There has been no proven effective treatment for FIV infection. If your cat has no clinical signs, no treatment may be recommended. In this situation, regular follow-up visits to your veterinarian are important to insure the condition does not progress. If immunodeficiency and secondary infections have developed, your veterinarian will choose treatments
to combat them. These are likely to consist of antibiotics for bacterial infections, nutritional support, fluid therapy for dehydrated
cats and parasite control.
Several therapies used to treat people with AIDS have been used in cats with FIV infection with the goal of boosting their immune systems and slowing the progress of the disease. These treatments include: AZT, a well-known AIDS drug. Treatment with AZT may result in clinical improvement, immune function and quality of life, but AZT has some potentially serious adverse effects and should be administered to FIV-infected cats under the supervision of a veterinarian experienced with its use.

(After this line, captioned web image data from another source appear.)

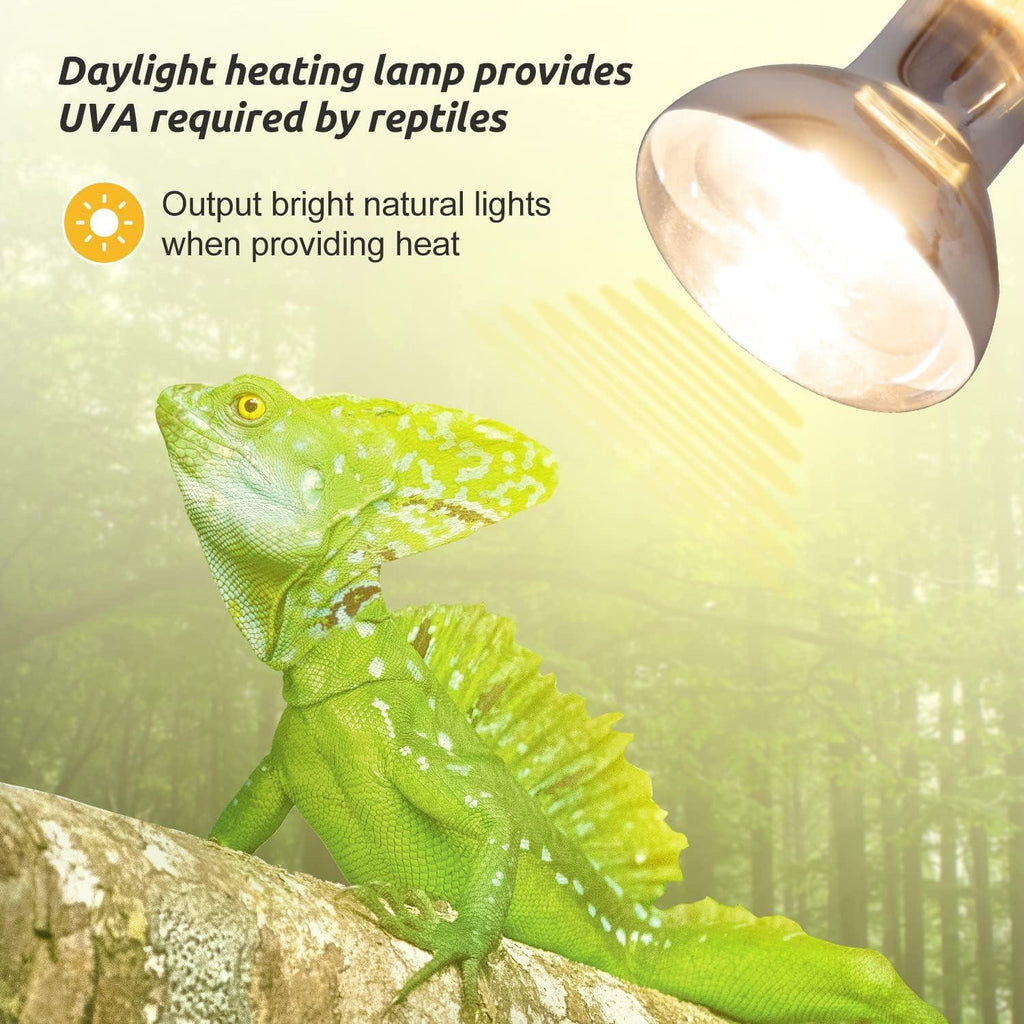 Daylight reptile heating lamp illuminating green lizard on branch in terrarium setting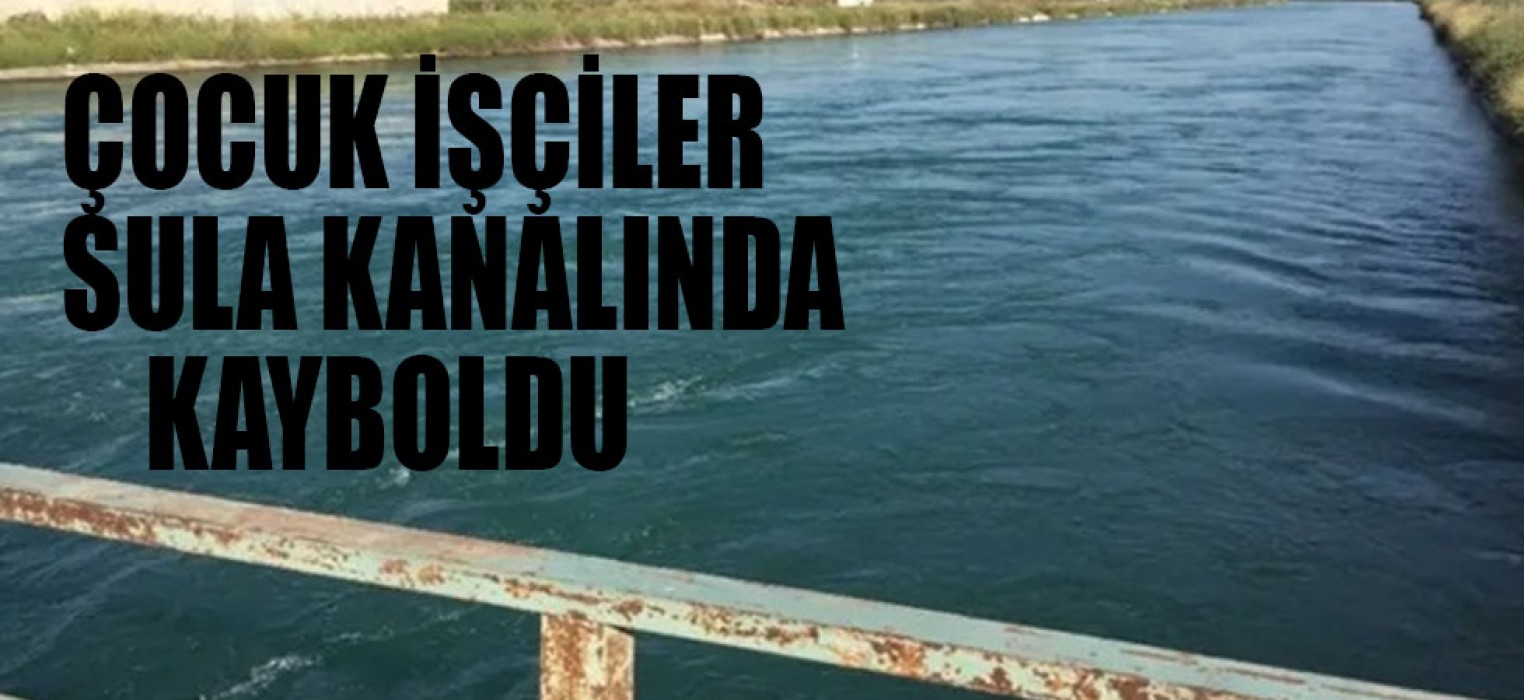 Tarım işçileri sulama kanalına düştü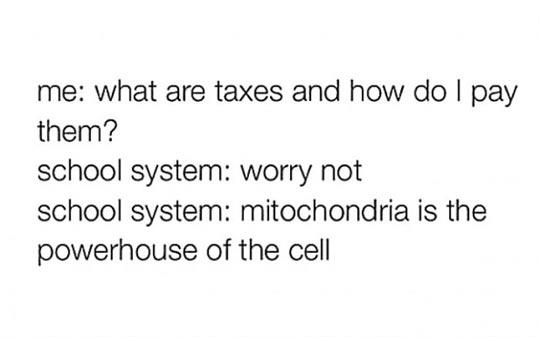 What+are+taxes+and+how+do+I+pay+them%3F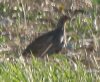 [Grey Partridge]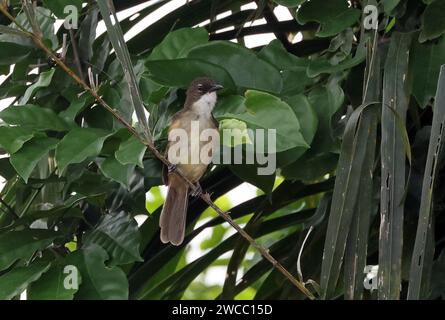 Greenbull semplice (Chlorocichla simplex) adulto arroccato sul ramoscello Ankasa, Ghana, Africa. Novembre Foto Stock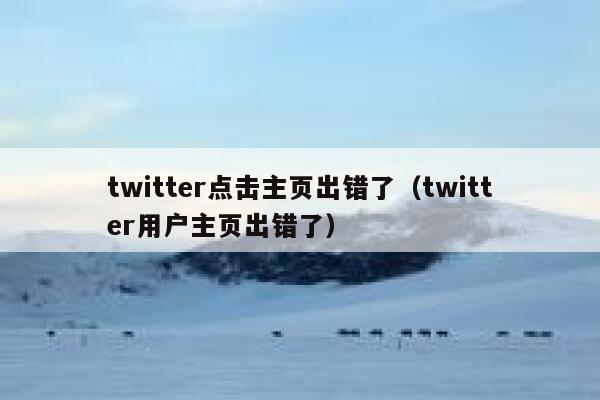 twitter点击主页出错了（twitter用户主页出错了） 第1张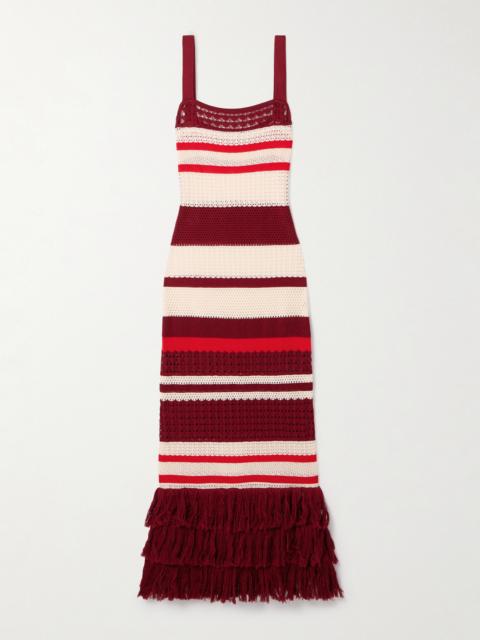 Embayed Fringed Crocheted Pima Cotton Maxi Dress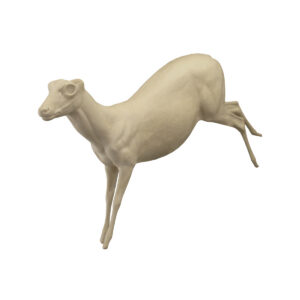 Brocket Deer Jumping Down
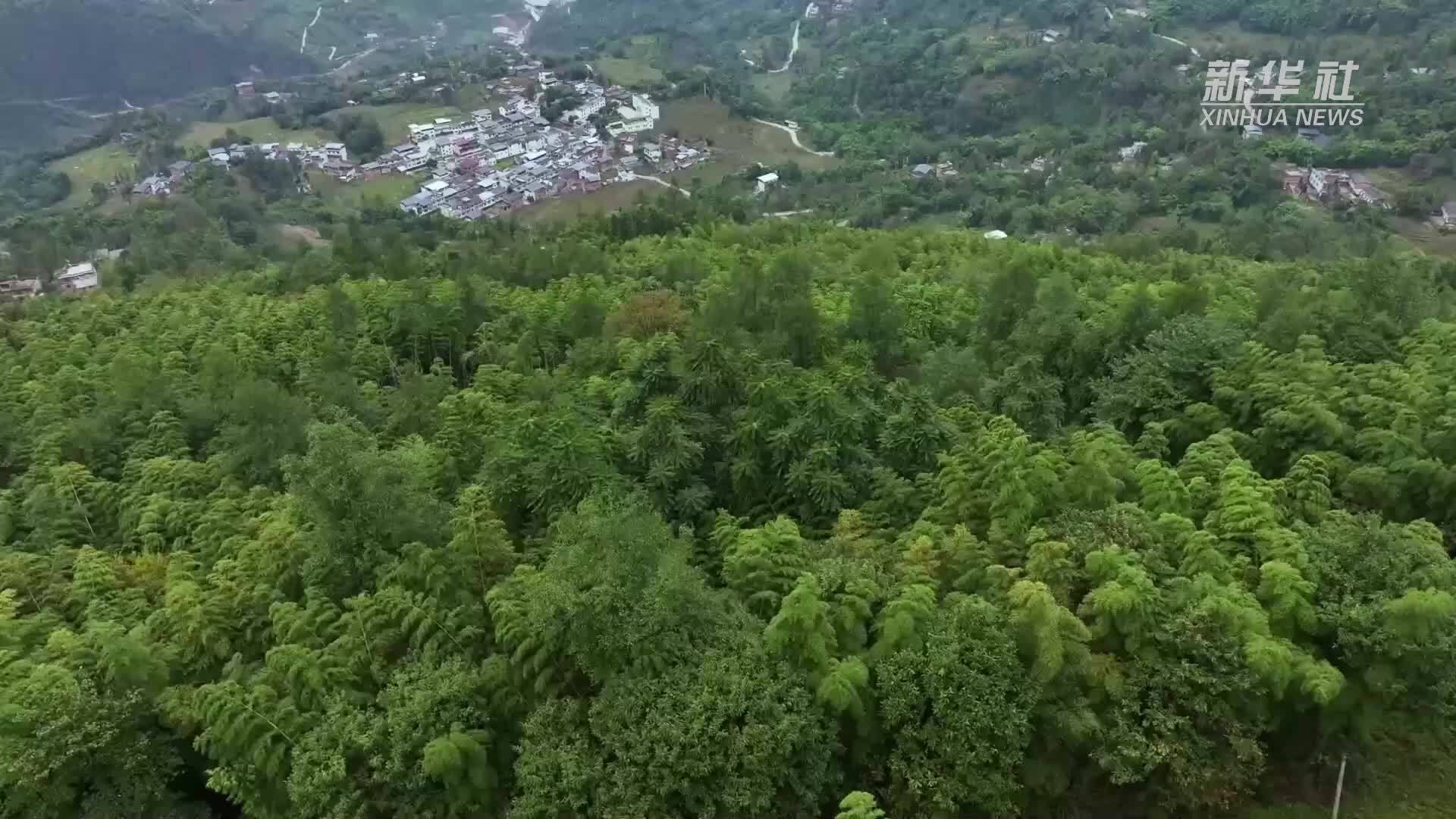 无人机吊运助力云南绥江竹资源“出山”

Alpha interferon. This drug may reduce viral replication in some infected cats. It is not licensed for use in cats, but some clinical studies found increased activity, increased appetite, improvement of blood abnormalities, increased clearance of virus and prolonged survival in treated cats.
Bone marrow transplantation. This procedure has been performed in a limited number of FIV-infected cats and is successful in restoring white blood cell counts in some instances. Infected cats, however, remain infected with FIV. This procedure is available only at a limited number of referral research institutions.